Speaking at the occasion, Meher Bokhari said that Pakistan’s youth demographic has exceptional potential but successive governments had failed to channelize them. With 67 per cent of Pakistan’s population currently under the age of 30, there have been no efforts to guide youth into politics. Meher Bokhari stressed that schools and universities have not taken the initiative to teach students about their political responsibility and the strength of their votes. She added that the government and media have been unable to provide platforms to effectively mobilize youth.
When asked about the civil activism of youth, Marvi Sirmed asserted that developments between successive elections are more important than events during an election. Between elections, students can take up internship programs and engage with policy-makers and researchers to effectively understand the manifestos of varying policy makers. She added that in order for the youth to be engaged in democracy, political parties and governance structures should incorporate youth into decision making mechanisms. For example, the age of representation in parliament should be brought down to 18 and aligned with the minimum age for voting.
Ammara Durrani noted that the criminalization of student politics in the 1980s created a disconnect between youth and democracy, and a lack of understanding between policy-makers and the younger generation of Pakistan. While the 2013 elections saw an increase in youth engagement, the government and political parties had failed to institute youth inclusive policies in democratic structures. She added that restoration of Student Unions in Pakistan was essential for re-establishing the nurseries of politics and may allow for a robust engagement of youth in electoral processes and governance.
The panelists agreed that power politics, weak party structure and corruption were the main factors in determining the pessimism surrounding youth participation. However, disengagement of Pakistan’s youth in national politics is a collective failure of all stakeholders. Youth need to engage themselves in politics, not just by voting but also through consistent interaction with local government officials. Lack of delivery is an institutional failure, not a problem with democracy. In theory, democracy is a system that empowers the youth.

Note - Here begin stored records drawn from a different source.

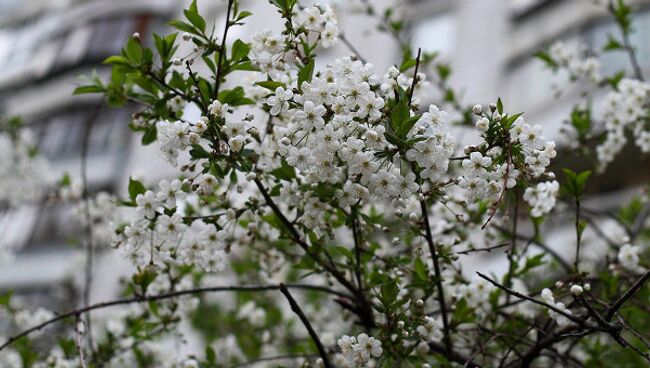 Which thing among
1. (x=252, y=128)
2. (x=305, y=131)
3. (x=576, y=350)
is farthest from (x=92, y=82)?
(x=576, y=350)

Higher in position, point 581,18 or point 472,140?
point 581,18

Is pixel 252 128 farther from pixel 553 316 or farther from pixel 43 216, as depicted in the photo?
pixel 43 216

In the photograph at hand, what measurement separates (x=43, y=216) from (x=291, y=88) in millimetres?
18773

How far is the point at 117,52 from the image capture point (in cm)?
1884

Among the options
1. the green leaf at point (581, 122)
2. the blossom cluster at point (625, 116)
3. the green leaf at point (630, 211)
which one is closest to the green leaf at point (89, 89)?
the green leaf at point (581, 122)

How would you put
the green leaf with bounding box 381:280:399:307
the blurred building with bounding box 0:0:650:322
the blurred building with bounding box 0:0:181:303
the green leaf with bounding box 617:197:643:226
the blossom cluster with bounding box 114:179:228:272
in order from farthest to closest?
the blurred building with bounding box 0:0:181:303, the blurred building with bounding box 0:0:650:322, the green leaf with bounding box 617:197:643:226, the blossom cluster with bounding box 114:179:228:272, the green leaf with bounding box 381:280:399:307

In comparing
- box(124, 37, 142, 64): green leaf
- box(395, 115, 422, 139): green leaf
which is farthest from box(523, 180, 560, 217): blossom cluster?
box(124, 37, 142, 64): green leaf

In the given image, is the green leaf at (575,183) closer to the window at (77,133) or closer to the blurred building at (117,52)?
the blurred building at (117,52)

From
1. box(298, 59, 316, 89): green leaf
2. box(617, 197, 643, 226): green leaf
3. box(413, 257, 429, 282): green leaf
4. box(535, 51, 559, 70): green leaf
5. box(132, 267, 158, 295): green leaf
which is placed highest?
box(535, 51, 559, 70): green leaf

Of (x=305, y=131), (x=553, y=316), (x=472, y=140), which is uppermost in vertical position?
(x=472, y=140)

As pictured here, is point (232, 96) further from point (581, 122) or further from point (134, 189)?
point (581, 122)

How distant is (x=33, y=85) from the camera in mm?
21312

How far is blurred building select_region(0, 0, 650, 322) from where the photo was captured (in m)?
13.2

The policy dialogue was followed by an interactive Q and A session. SZABIST students questioned the electoral procedures currently in place, concerned that most youth are told who to vote for. They noted that society, family and feudalism play influential roles in determining party allegiances, limiting their freedom of expression and right to an independent vote. Such an arrangement moves Pakistan away from democratic tendencies. Another concern amongst students was the structural lack of representation in government even after leaders are voted for and consequently elected, given the absence of service delivery, monitoring and evaluation mechanisms.
This is Jinnah Institute’s first University Town Hall under the Open Democracy Initiative. The Town Hall series will bring Pakistan’s top analysts and academics to universities for interactive dialogues on pressing challenges facing society and government.